Seanspeed wrote: ↑24 Feb 2025, 23:42
Emag wrote: ↑24 Feb 2025, 12:28
No they don’t have equal footing, but they wouldn’t say McLaren has some input on the design phase if that wasn’t true to some degree, which what the guy was denying.
In any case, this was McLaren’s best choice. They get one of the power units which will likely be close to the best, if not the best, while also having more input than a normal customer.
They considered RBPT for a short while, but RBPT is way too inexperienced and I doubt they will be competitive in 2026, whereas a Ferrari-powered McLaren will never happen.
The only other option was to develop it themselves like RedBull, but it’s too late for that.

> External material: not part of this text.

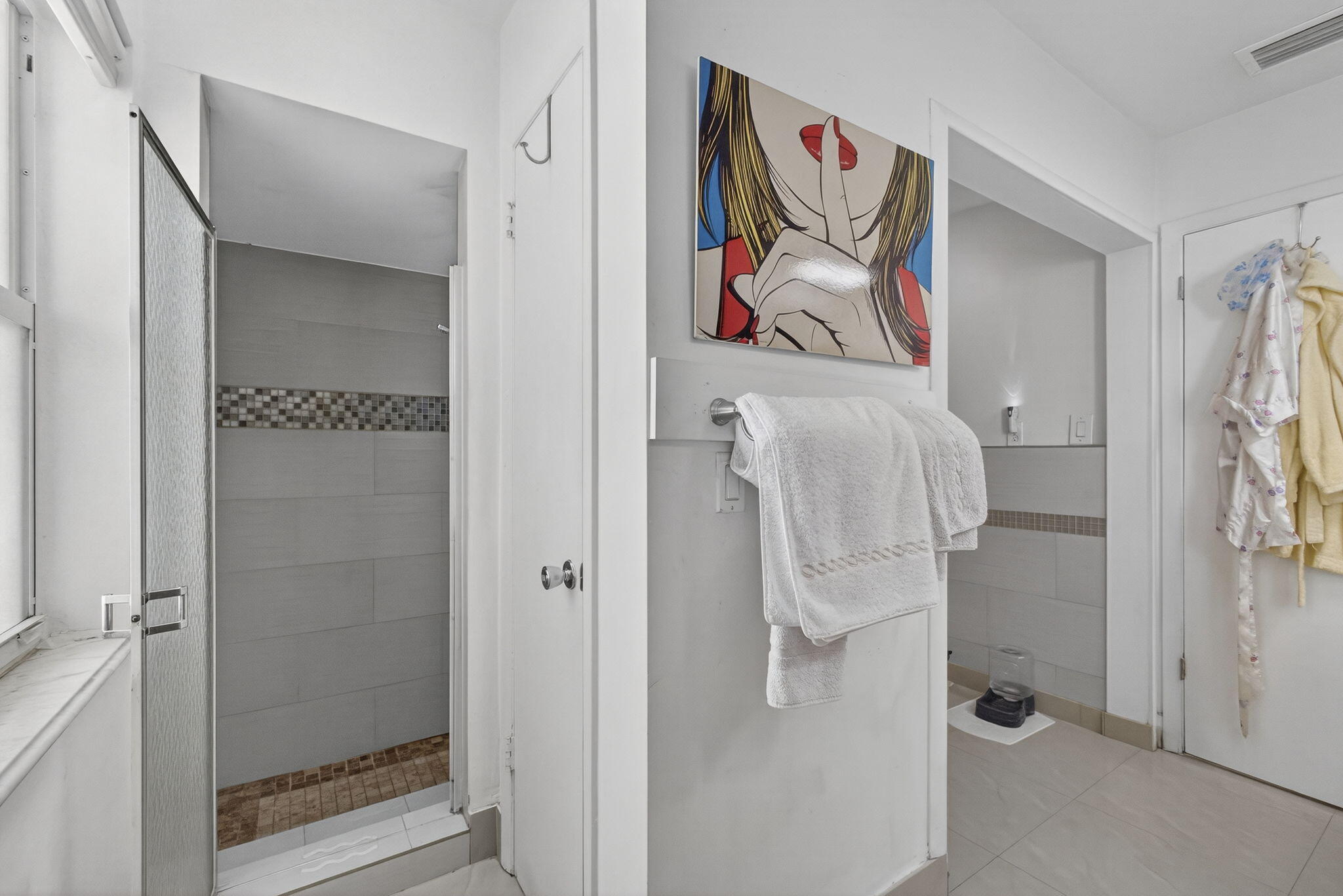 7625 Clarke Road Lake Clarke Shores, FL 33406 - Photo 54 of 97 a bathroom with a picture of a shower curtain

It could be a consideration for the next reg cycle, assuming McLaren keeps an upward trend.
The guy wasn't denying that, though. Only arguing about the degree to which it was actually true. Because this is all about nuance and degrees of truth, if you yourself even agree that they aren't on equal footing. You simply side on the collaboration being much stronger, while the other person believing the collaboration being less strong. You're not fundamentally disagreeing on the core argument here, which you've been trying to portray them as doing, and the only reason I felt like speaking up.
McLaren have a more preferential deal with Mercedes vs other customer teams by the looks of it. It allows for a certain degree of input on the PU design, helpful when you build your own gearboxes. And it sounds like they might be first in the queue for newer parts that the works team will obviously get first. I'd not call it a semi works team deal. More like an Enhanced Customer Deal. At the end of the day, if the Mercedes F1 team wins the constructors or McLaren does? Still great marketing for Mercedes "Look even a customer team can win with a Mercedes AMG HPP Engine in F1".
It could well be a great move by Zak Brown signing a new deal with Mercedes for the PU's. We'll find out in '26.